The UAE and Saudi Arabia have big ambitions to expand their technology sectors via investments in semiconductor and AI capabilities, according to technology experts.
The two GCC countries, the Arab world’s top economies, outlined significant investment plans for AI and semiconductor installations and production. “While spending on AI-led facilities by Microsoft Corp, among others, has been held up by US export regulations, traditional datacentres run by Alibaba Group Holding Ltd and Amazon.com Inc are already operating,” analysts at S&P Global Market Intelligence wrote.
They said the slow build-out can be seen in imports of servers, computers and storage systems of just $3.2 billion in the 12 months to June 30, down by 7.0 per cent year over year. “Should US supplies not be available, firms from mainland China and Hong Kong, which already accounted for 31.8 per cent of supplies of traditional servers, may take the lead,” S&P Global Market Intelligence noted in its report.
The report comes in the wake of a meeting held by leaders of the UAE and the US at which discussions were also centred on key areas like artificial intelligence, renewable energy, climate and space. “Few countries are moving as fast on advanced technologies and artificial intelligence — and as closely in sync with the US — as the UAE,” the UAE Ambassador to Washington, Yousef Al Otaiba, posted on X.
In February, OpenAI CEO Sam Altman said the UAE could serve as the world’s “regulatory sandbox” to test artificial intelligence. Microsoft followed up with a major $1.5 billion investment in the UAE’s top artificial intelligence firm, G42, in April.
BlackRock, Global Infrastructure Partners, Microsoft and the Mubadala-backed MGX investment company also recently announced the Global AI Infrastructure Investment Partnership, underscoring the UAE’s strategic focus on US technology and AI to drive future economic growth.
The S&P report noted that the builders of AI datacentres have to deal with competition for supplies of chips from the global hyperscalers (including Microsoft), whose capital expenditures are expected to rise to $173.3 billion in 2025 from $104.2 billion in 2023.

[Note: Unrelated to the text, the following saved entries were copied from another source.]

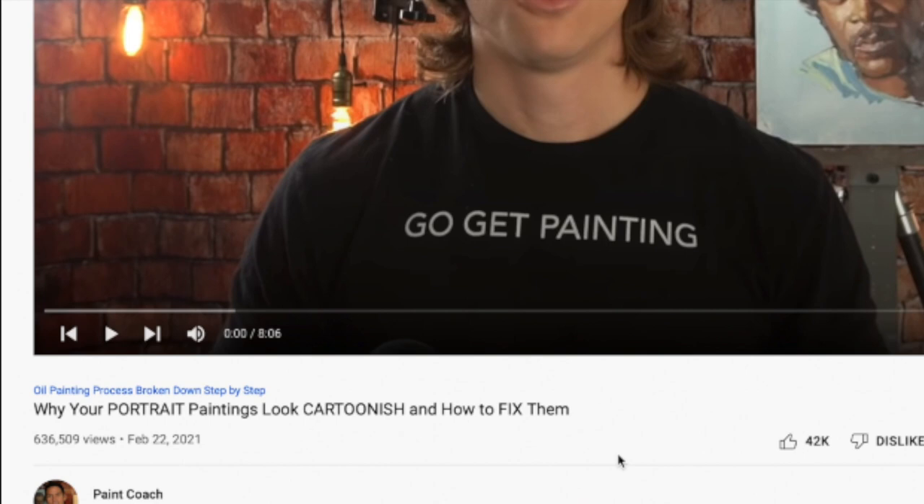This video comes from Paint Coach, titled 'Why Your Portrait Paintings Look Cartoonish and How to Fix Them.' I think this is one of the primary things that a lot of beginners struggle with — how do you get bold and confident and make it look like life, make it feel solid rather than this sort of weak, soft, cartoonish look.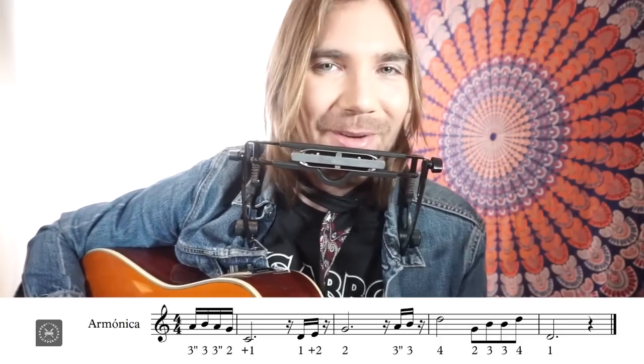Si eres novato en esto, al principio te costará un poco porque hay que empezar con el segundo bending del 3, es decir, con la nota La. Entonces hacemos: segundo bending del 3, 3 sin bending, volvemos al segundo bending del 3 y vamos al 2 aspirado. De ahí al 1 soplado. Siguiente frase: 1 aspirado, 2 soplado, 2 aspirado. En ese 2 aspirado, si metes un poquito de vibrato va a sonar mucho mejor — ya sabes que el vibrato siempre queda bien en notas largas.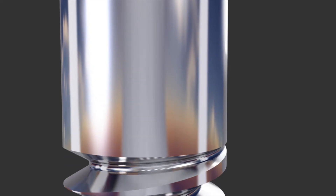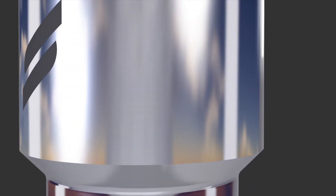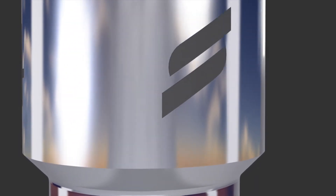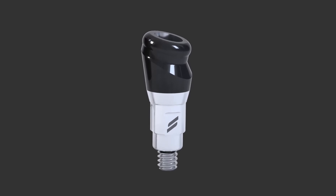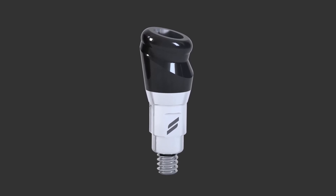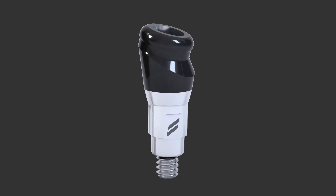There are three main advantages. One is that it has a surface that makes it more wear-resistant. Secondly, it has an option where you can correct angulation, so if implants have been placed with a diversity of axes between them, you can now, to a greater extent, overcome that. It also has an aesthetic option, whereby if space is limited within a denture, you can hide the component because it's white rather than metal-coloured.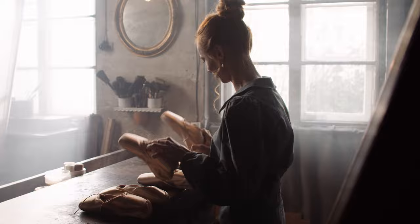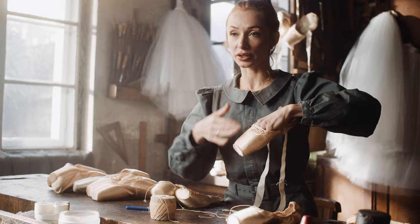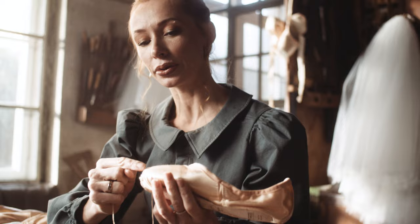In my life as a ballerina, I have tried all kinds of pointe shoes to find the best shape. In my dance masterclass, I will explain how to choose your perfect shoe and give you all my tips on how to make them fit perfectly for your feet.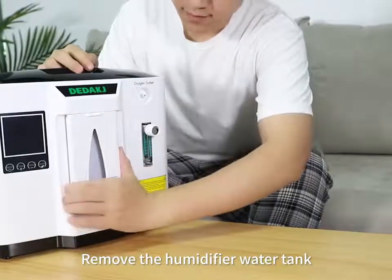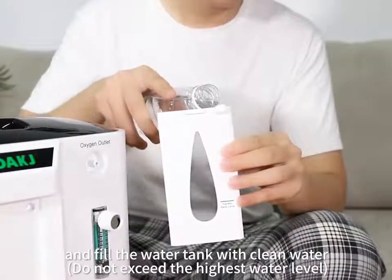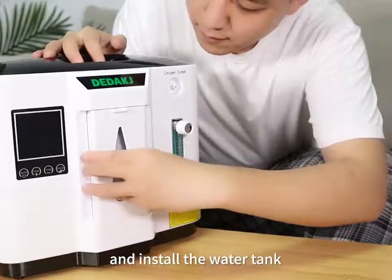Remove the humidifier water tank, open the rubber stopper and fill the water tank with clean water. Plug the rubber stopper and install the water tank.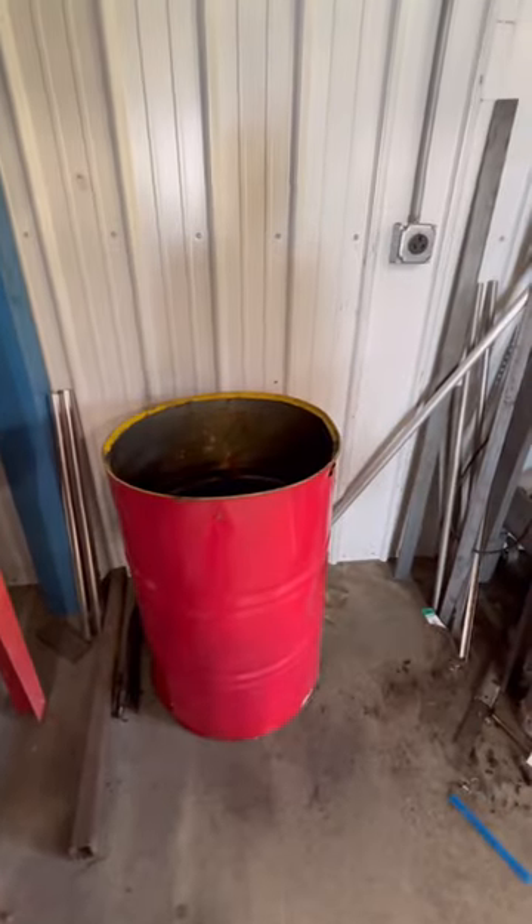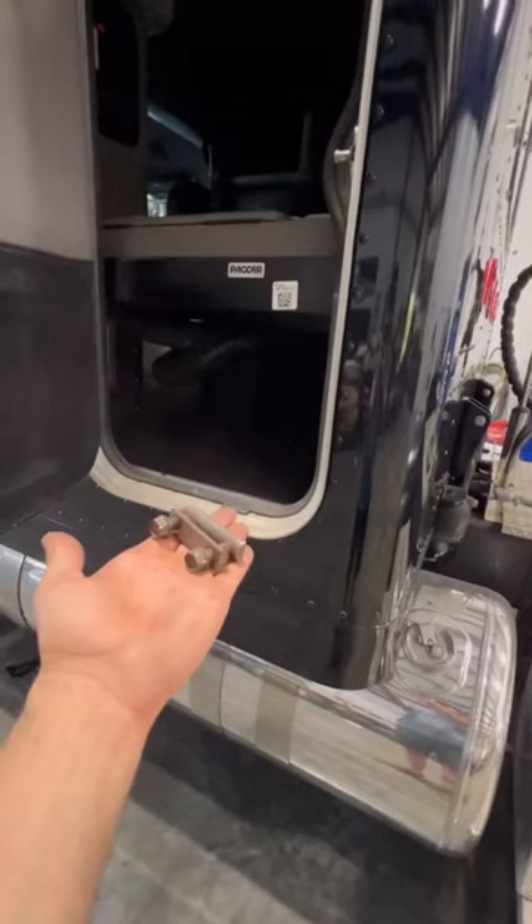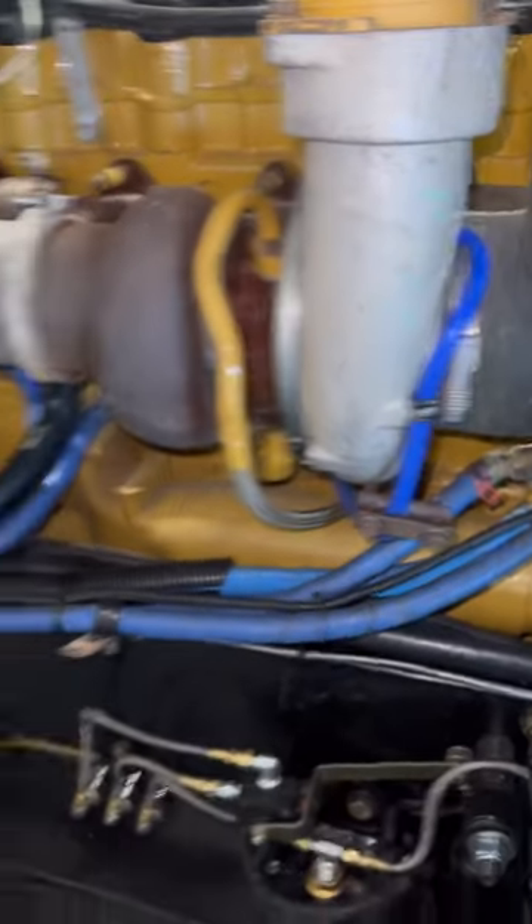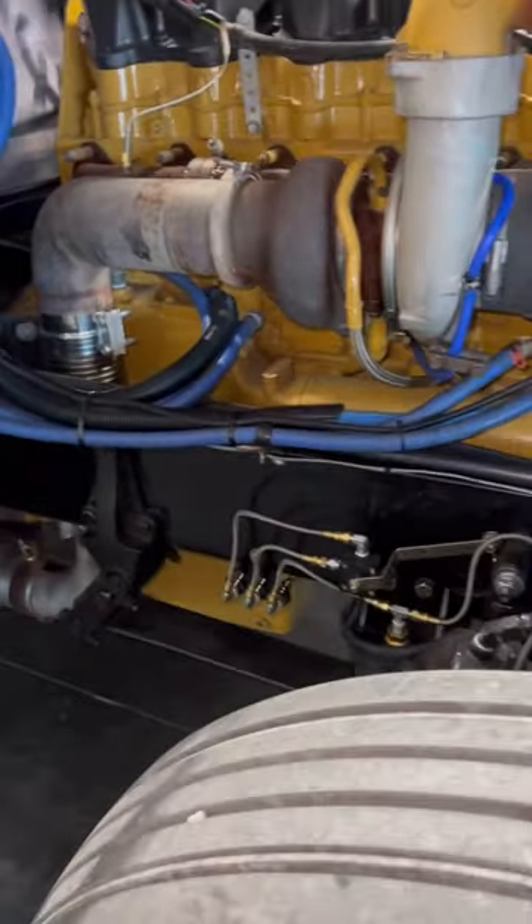Five-minute hacks with Josh. Don't throw your old exhaust clamps in the trash — save the hardware and throw it in your toolbox. If you ever have a waterline blow along the side of the road, you can use it as a clamp and seal it up. Pretty neat.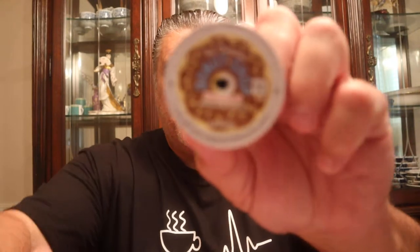Hello everybody, welcome to another great episode of Hillbilly Select Reviews. This is going to be one of my world famous coffee reviews today — the original Donut Shop regular medium roast coffee, Keurig style.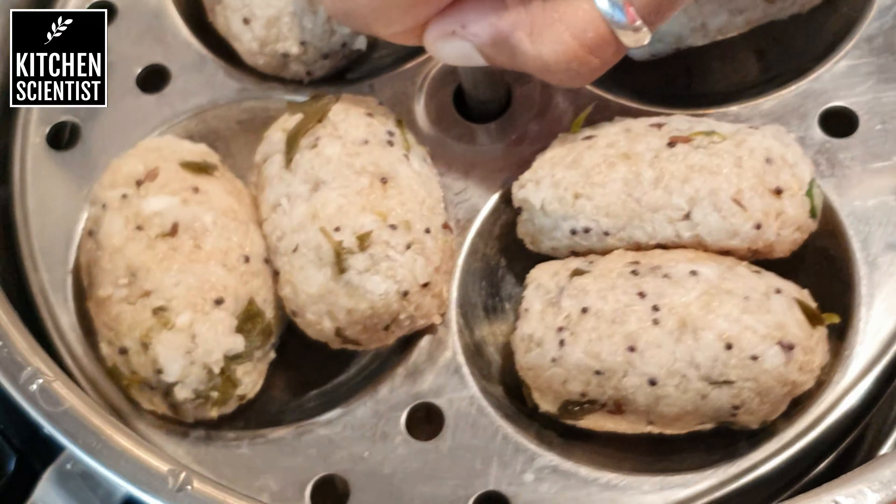Once the steaming is done, remove the plates and let it cool for a bit before removing it from the plate. And that's it — our healthy and tasty quinoa millet dumpling is ready to be served. Serve it hot with some spicy garlic chutney; the link for the garlic chutney is given above and in the description. Enjoy!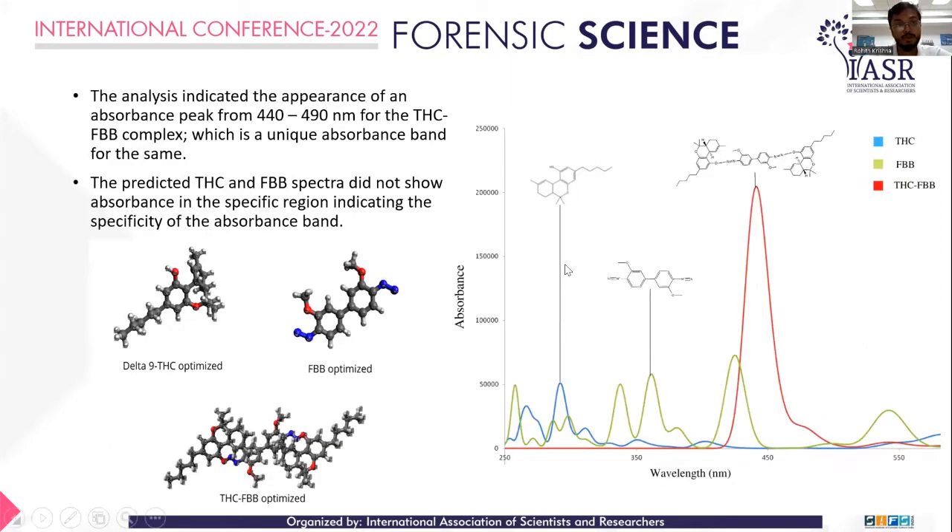The computational results indicated a peak absorbance at 440 to 490 nanometers, which is very particular for the THC-FBB complex. Delta-9 THC is represented by the blue spectra, FBB by the green spectra, and the red spectra represents the THC-FBB complex, specific at 440 to 490 nanometers according to the computational method. This is a purely theoretical study using computer software, and it formed the basic starting point of our research.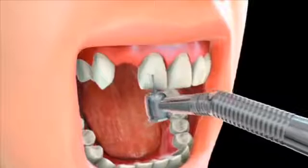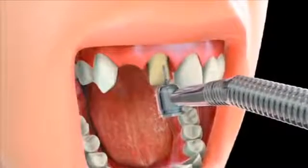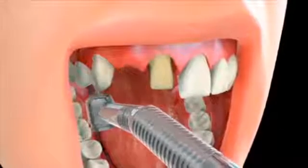During this visit, the supporting teeth, which are typically the ones on either side of the missing tooth, are prepared by shaping and reducing their size. This is done to make room for the crowns that will slide over each of the supporting teeth.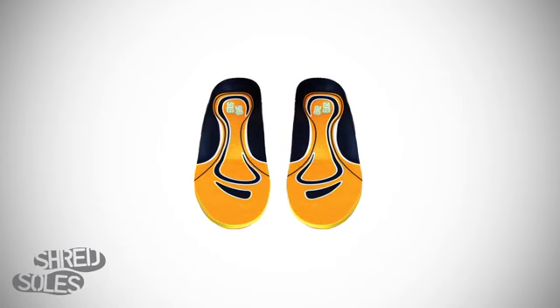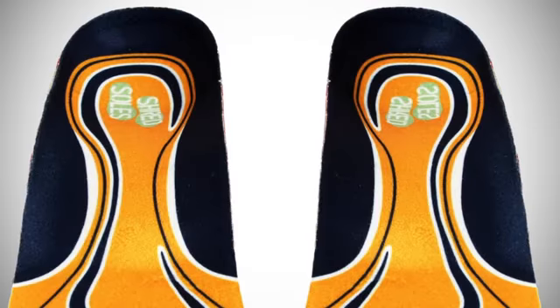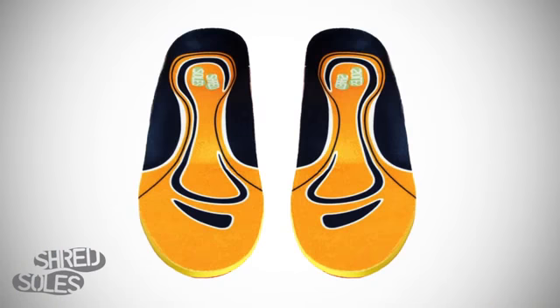Shred Soles and their accompanying line of snowboard boot fitting products were developed to make your feet comfortable in your boots all day long. Shred Soles feature Shwedge technology which increases performance by realigning riding posture. The arch is engineered to minimize strain and injury, while the Deepwell heel cup stabilizes the heel and reduces movement.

The UAE and Saudi Arabia also aim to become chip manufacturing centers. Saudi Arabia already has a strategy established with Foxconn Technology Group, while the UAE’s sovereign fund was a co-investor in GlobalFoundries Inc. Yet, both are competing with the US, the EU, Japan and others to attract new investments, the report noted.
The S&P report said access to manufacturing machines is also a challenge, with mainland China accounting for 47 per cent of global imports as its chip firms build out mature technologies, although delays in new projects in Europe may provide a source of supplies. “In the meantime, though, the state-owned funds need to work with private sector chip producers that are in the midst of a long-awaited, but potentially short-lived, cyclical upturn in demand for non-AI systems,” said the report.